Per restare in argomento, a Spampinato importava dunque, fino ad un certo punto (lo ricordano bene anche i suoi compagni di questo giornale) accertare con quale arma l'ingegner Tumino fosse stato eliminato; ma gli urgeva, e con molto problematicismo, capire chi e che cosa potesse star dietro alla liquidazione di questo uomo molto amico di Campria (costui verrà sorpreso a frugare nelle carte della vittima quando ancora la scoperta del cadavere del professionista è conosciuta solo dai carabinieri) ma anche del deputato regionale missino, Salvatore Cilla (che l'Espresso chiama in causa oggi anche «per collegamenti con la malavita e il contrabbando») del repubblichino Vittorio Quintavalle (che da Roma piombava troppo spesso a Ragusaa con pretesti sempre diversi) e di centinaia di altri figuri fortemente sospettati di avere qui fornito protezione al latitante Stefano Delle Chiaie.
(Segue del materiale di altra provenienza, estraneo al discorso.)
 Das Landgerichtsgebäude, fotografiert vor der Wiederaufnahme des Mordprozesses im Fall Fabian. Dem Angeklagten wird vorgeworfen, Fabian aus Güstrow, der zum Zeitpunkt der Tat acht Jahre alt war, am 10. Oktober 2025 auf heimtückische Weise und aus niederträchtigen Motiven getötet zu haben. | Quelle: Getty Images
Una volta che si fosse, in taluni. insinuato il dubbio su che cosa sapesse esattamente Giovanni Spampinato, ecco  che Roberto Campria assume un ruolo decisivo, o perché cerca di sondare il suo «persecutore» (nessuno come lui è abilitato a farlo senza suscitare soverchi sospetti, anche e proprio nella futura sua vittima) o perché rappresenta, per gli assai più accorti registi della sua ambiguità, il pericolo costante al limite anche opportuno di qualche ammissione.
Nell'uno o nell'altro caso ecco la possibilità di mettere una pietra su tutto, anche sul l'incomodo Campria che al rischio di vedersi o doversi accollare la responsabilità del l'omicidio Tumino è costretto a preferire l'alternativa di un altro e ancor più barbaro delitto con la speranza, però, di poter passare per pazzo.